“The Organic Trade Association supports USDA’s decision to end its Organic Recognition Agreement with India and transition to a more active oversight approach. It is critical in international trade agreements that foreign governments have sufficient oversight, accreditation, compliance and enforcement control in place to ensure that their organic requirements are applied and enforced. Integrity in organic is our highest priority, and ensuring that all equivalency and recognition agreements are based on systems of comparable rigor and standards is key to maintaining that integrity.
The Organic Recognition Agreement is different from an Organic Equivalency Agreement. The U.S. has in place seven equivalency agreements – with Canada, EU, Japan, South Korea, Switzerland, Taiwan, UK. The U.S. has two other recognition agreements in place with Israel and New Zealand. An Organic Equivalency Agreement recognizes the organic standards and oversight systems of each trading partner as comparable and verifiable. Once an equivalency agreement is established, maintaining it is an ongoing process, with USDA conducting regular onsite audits of the foreign government’s organic program. In an Organic Recognition Agreement, a foreign government accredits certifying agents in that country to the USDA organic standards, and these foreign certifying agents are authorized to certify organic farms and processing facilities to NOP standards for export to the USA. However, there is not always visibility or enforcement authority over certifiers and operations under recognition agreements.

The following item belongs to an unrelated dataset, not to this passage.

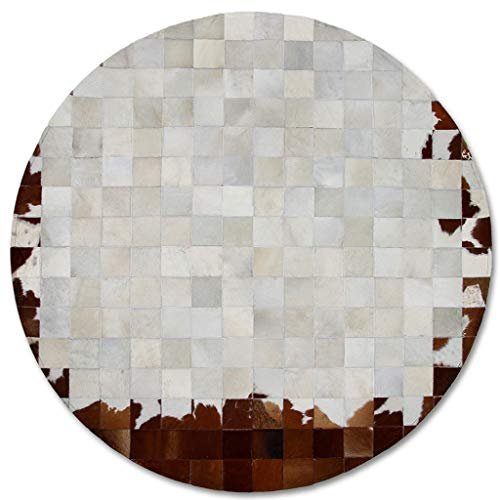 Große Runde Kuhfell Teppiche Patchwork Braun und weiß kuhfell Decke Deko Kuhhaut Teppiche for Wohnzimmer Schlafzimmer Kinder-Zimmer Modern Design Home Decor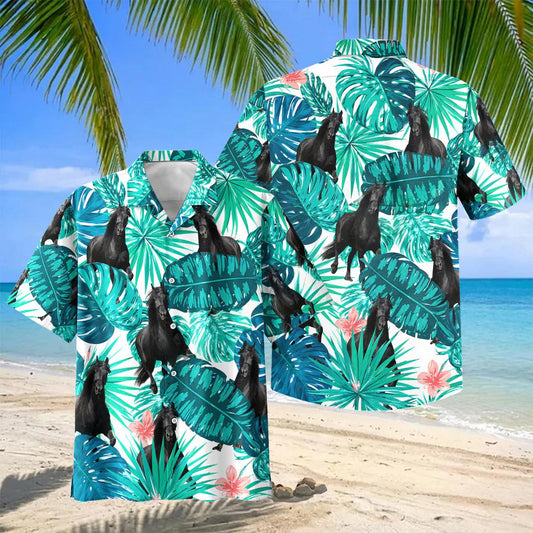 Joycorners Friesian Horse In Tropical Leaves Pattern Hawaiian Shirt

Safeguarding against fraud throughout the global organic system benefits the entire organic sector, and is absolutely essential in honoring the trust that consumers have in the Organic label. The USDA has given exporters in India a generous transition period of 18 months to recertify to an National Organic Program (NOP) accredited certifier, which should be adequate time to prevent any disruptions in the trade between our two countries.”